*REQUIRED WORK*:
Only one stretch of the listing below is wanted. Begin at the line that has "Накладки на пороги", stop after the line that has "ARMs CTO Mike", and repeat every line in between exactly.

*WORKING DATA*:

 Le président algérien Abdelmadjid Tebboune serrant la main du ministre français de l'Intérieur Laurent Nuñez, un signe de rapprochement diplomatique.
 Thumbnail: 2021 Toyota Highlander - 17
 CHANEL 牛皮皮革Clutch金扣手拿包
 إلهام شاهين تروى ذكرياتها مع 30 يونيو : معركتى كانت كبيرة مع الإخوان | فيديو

--

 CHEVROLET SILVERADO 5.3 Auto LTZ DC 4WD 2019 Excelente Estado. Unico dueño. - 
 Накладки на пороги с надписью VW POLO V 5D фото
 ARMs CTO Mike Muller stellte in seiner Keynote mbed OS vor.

==

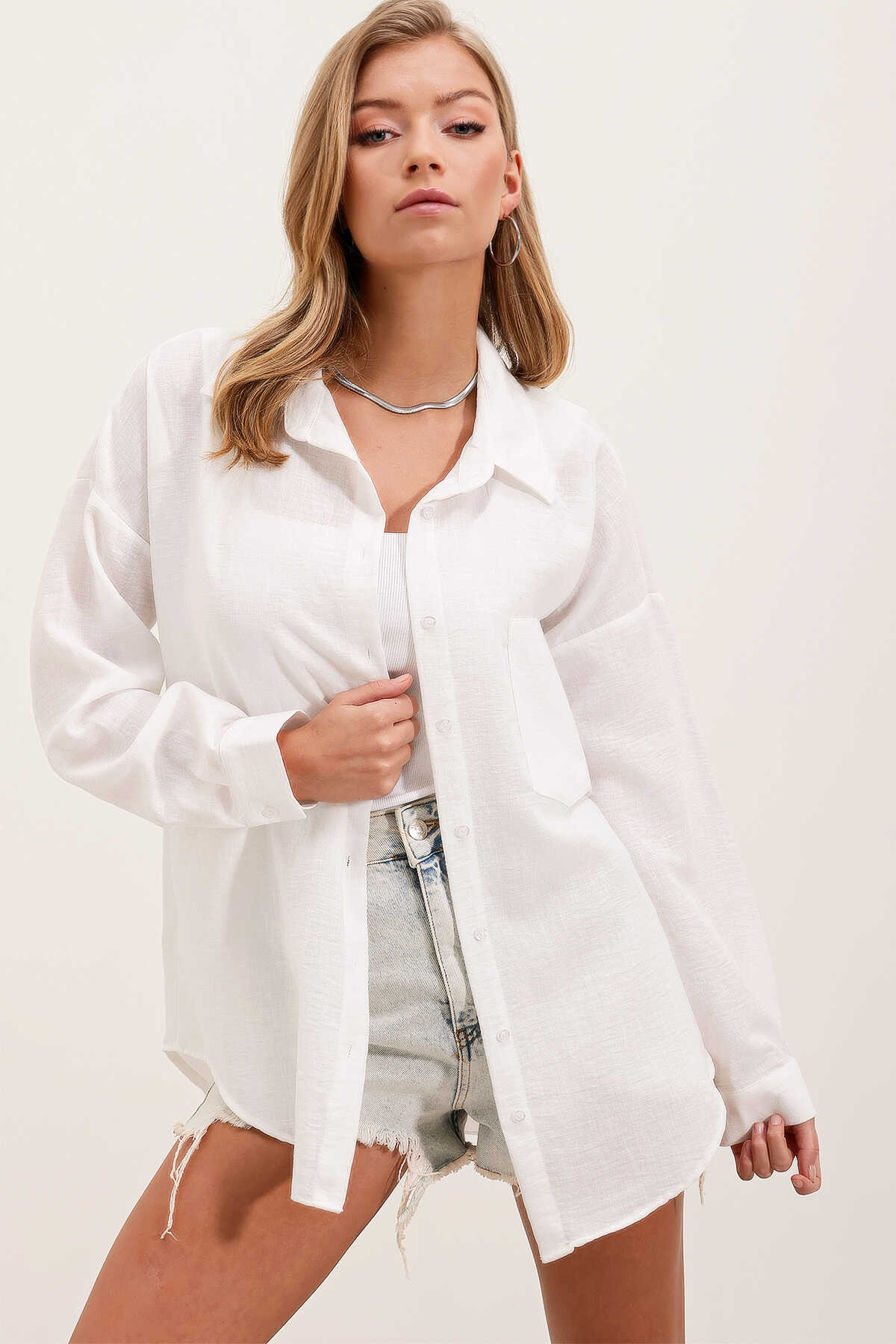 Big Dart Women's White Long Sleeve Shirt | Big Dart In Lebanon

*ANSWER SECTION*:
 Накладки на пороги с надписью VW POLO V 5D фото
 ARMs CTO Mike Muller stellte in seiner Keynote mbed OS vor.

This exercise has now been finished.